Обожествление мальчиком-Пастернаком Скрябина было связано в первую очередь с культом музыки, царившим в семье. Поскольку музыка была божественным искусством, постольку и Скрябин мог восприниматься как божество, в этом не было никакого противоречия.
В старших классах гимназии Б. Пастернак стал заниматься композицией с Ю.Д. Энгелем, известным музыкальным критиком, лексикографом, композитором, который в 1897 году окончил Московскую консерваторию по классу полифонии и музыкальной формы у С. Танеева и по классу специальной инструментовки и свободного сочинения у М. Ипполитова-Иванова. Занятия с Энгелем продолжались даже в Германии, куда семья Пастернаков отправилась зимой 1905/06 года. А.Л. Пастернак вспоминал: «…Брат, напевая что-то, что он понимал продолжением только что высказанного Энгелем, пел на самом деле в другом, очевидно, развитии и в столь, вероятно, своеобразно-новом ходе, что теперь уж в свою очередь удивлялся <…> сам Ю.Д. Энгель. В неописуемом восторге, ошеломленный и огорошенный неожиданностью новой композиции, которой сам он не предвидел, но которая его взволновала какой-то новизной мысли, он <…> только и мог выдавливать, повторяя много раз — “ну, Боря! ах, Боря!”. Затем <…> появлялась нотная бумага, и оба они, теперь уже не ученик и учитель, а просто два музыканта, два близких человека, перебивая друг друга, чиркали по линейкам и вели себя, то напевая и насвистывая, то снова обращаясь к линейкам, как либо пьяные, либо как сумасшедшие…»{42} Из трех сохраненных Б. Пастернаком музыкальных произведений собственного сочинения две прелюдии относятся именно к этому времени. Когда Б. Пастернак учился в седьмом, предпоследнем классе гимназии, Энгель счел, что подготовка его ученика к экзаменам по курсу композиторского факультета Московской консерватории стала задачей с реальным сроком. Действительно, музыка занимала всё свободное время Бориса. По будням он сочинял вечерами, а задачи по фуге и контрапункту решал на переменах или даже на уроках. Родители с радостью согласились параллельно с гимназическими занятиями готовить Бориса к сдаче экзаменов за курс консерватории по классу композиции экстерном. По совету Энгеля за дело взялся молодой преуспевающий композитор, Р.М. Глиэр, который вскоре должен был стать профессором консерватории.

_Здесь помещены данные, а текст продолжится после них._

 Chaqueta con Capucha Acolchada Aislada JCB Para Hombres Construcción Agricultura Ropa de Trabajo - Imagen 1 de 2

В отличие от Энгеля, Глиэр не стал для Пастернака духовно близким человеком. Однако подготовка к выпускным экзаменам за курс консерватории шла полным ходом. Из консерваторских предметов Пастернаку оставалось пройти только оркестровку. Его друзьями и сверстниками были известные впоследствии музыканты Исай Добровейн и Самуил Фейнберг. В семье видели, что Борис делает несомненные успехи. «Больше всего на свете я любил музыку, больше всех в ней — Скрябина», — свидетельствует сам Пастернак в «Охранной грамоте»{43}. В начале 1909 года А.Н. Скрябин вернулся из Европы после шестилетнего отсутствия в России, и сразу же в консерватории начались репетиции Третьей симфонии и «Поэмы экстаза». С.Н. Дурылин вспоминал, как «на репетиции Энгель подошел к Боре и сказал про “Поэму экстаза”:
— Это конец музыки!
— Это — ее начало! — воскликнул Борис»{44}. Влияние музыки Скрябина на Пастернака в это время было огромным. «Поэма экстаза» казалась ему вершиной творчества Скрябина: «Без слез я не мог ее слышать. Она вгравировалась в мою память раньше, чем легла в цинкографические доски первых корректур. В этом не было неожиданности. Рука, ее написавшая, за шесть лет перед тем легла на меня с не меньшим весом»{45}. Как ни странно, именно личное знакомство со Скрябиным сыграло свою фатальную роль в решении Пастернака отказаться от профессиональных занятий музыкой.